Friday, August 8, 2003
1. POLITICAL SCIENCE: IS THE ADMINISTRATION DISTORTING SCIENCE?
The short answer is, "every administration does." But a report by the minority staff of the House
Government Reform Committee, released yesterday, says it's gotten worse. To the surprise of no one,
White House spokesman Scott McClellan dismissed the report as political, which of course it is.
However, the NY Times quotes McClellan in an incredibly revealing description of administration policy:
"The administration looks at the facts, and reviews the best available science based on what's right
for the American people." That final clause, "what's right for the American people," is chilling.
2. POLITICAL CLIMATE: WHAT'S RIGHT FOR THE AMERICAN PEOPLE?
One of the purported abuses cited in the minority staff report involved the
insertion into an EPA report of a reference to a paper by Soon and Baliunas
that denies globl warming (WN 1 Aug 03). To
appreciate its significance, we need to go back to March of 1998. We all
got a petition card in the mail urging the government to reject the Kyoto
accord (WN 13 Mar 98). The cover letter was signed by
"Frederick Seitz, Past President, National Academy of Sciences." Enclosed was
what seemed to be a reprint of a journal article, in the style and font of
Proceedings of the NAS. But it had not been
published in PNAS, or anywhere else. The reprint was a fake. Two of the four
authors of this non- article were Soon and Baliunas. The other authors, both
named Robinson, were from the tiny Oregon
Institute of Science and Medicine in Cave Junction, OR. The article claimed
that the environmental effects of increased CO2 are all beneficial. There was
also a copy of Wall Street Journal op-ed by the
Robinsons (father and son) that described increased levels of CO2 in the
atmosphere as "a wonderful and
unexpected gift of the industrial revolution." There was no indication of who
had paid for the mailing. It was a dark episode in the annals of scientific
discourse.
3. BASEBALL: PHYSICS COMES TO THE AID OF THE NATIONAL PASTIME.

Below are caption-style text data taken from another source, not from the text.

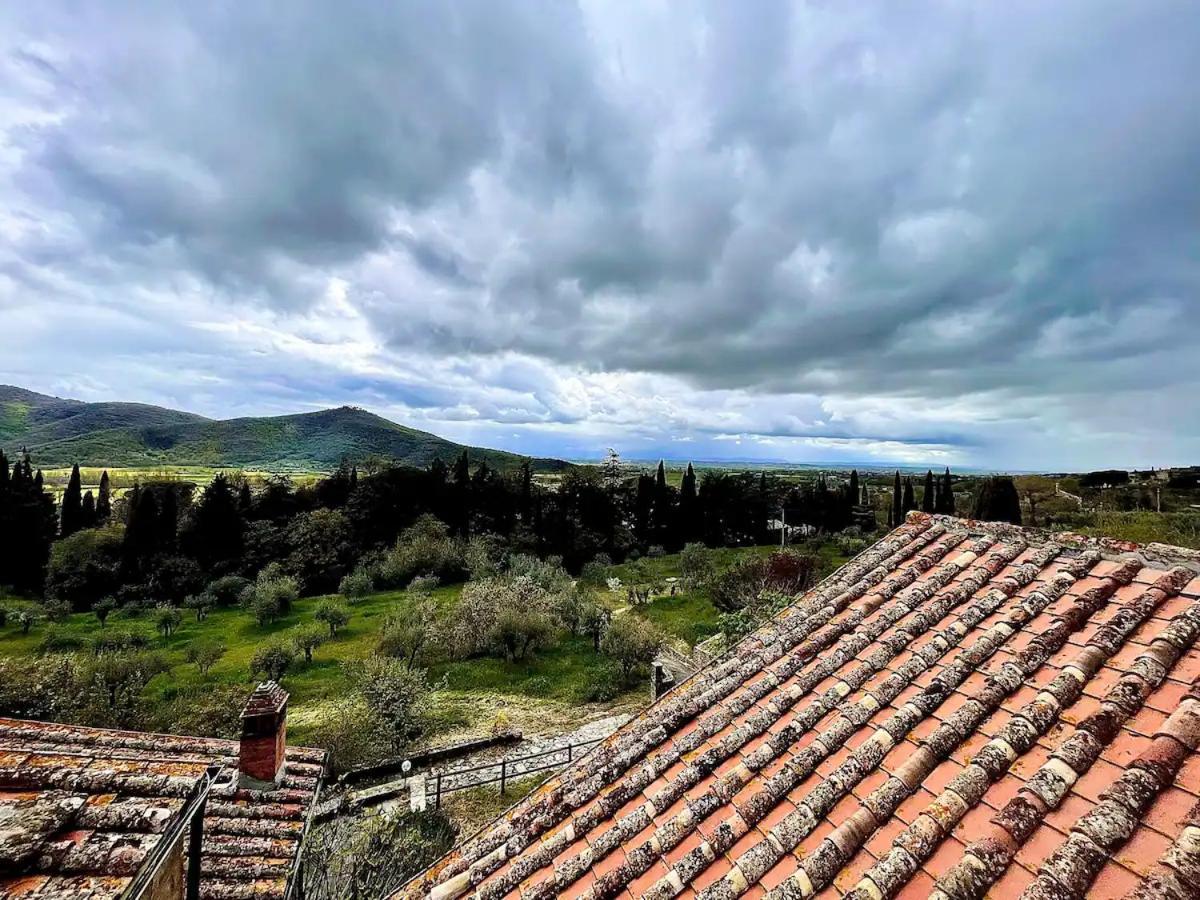 Holiday home Pergaccio Deluxe House *
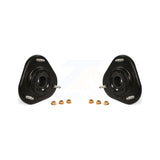 Front Suspension Strut Shock Mounting Pair For Toyota Matrix Pontiac Vibe Celica K73-100115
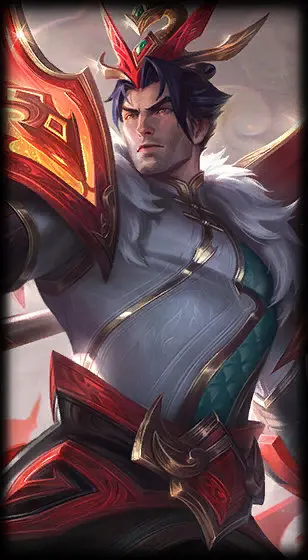 Jarvan IV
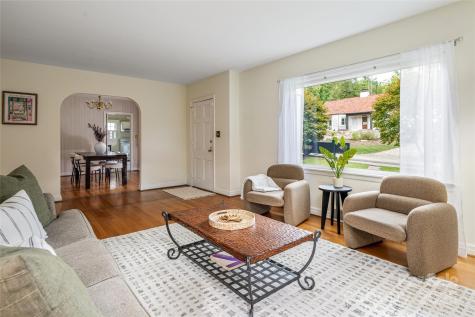 26 Lorraine Avenue Asheville NC 28804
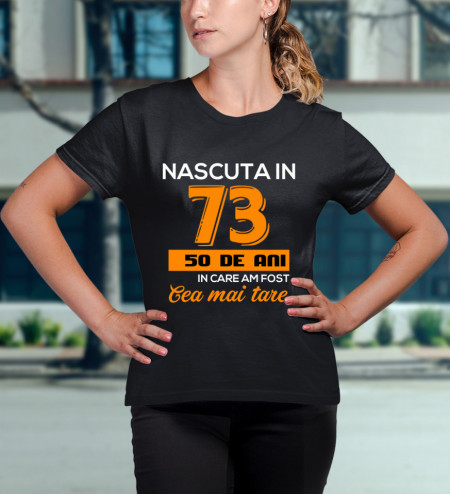 Cea mai tare [50]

Well, sort of. Ivan Marusic's class in hydrodynamics at the University of Minnesota set out to investigate
whether the flight of a baseball in the Metrodome, which has an inflatable roof, can be influenced by
manipulating the vents. This is important: the stadium superintendent claims that when the Twins, who play
in the Metrodome, won the World Series in '87 and '91, he was manipulating the vents to give the Twins an
advantage. But according to the Minneapolis Star Tribune, which apparently inspired the project, the
experiment was inconclusive: on one day, it appeared that turning on the blowers behind home plate caused
fly balls, launched from a cannon, to travel an extra 3½ feet. But on another day it did squat. This
needs to be resolved, but there's no urgency. Today the Twins are a dismal 57-57. They're not gonna be in
the series this year.
(Andrew Essin contributed to this issue of What’s New.)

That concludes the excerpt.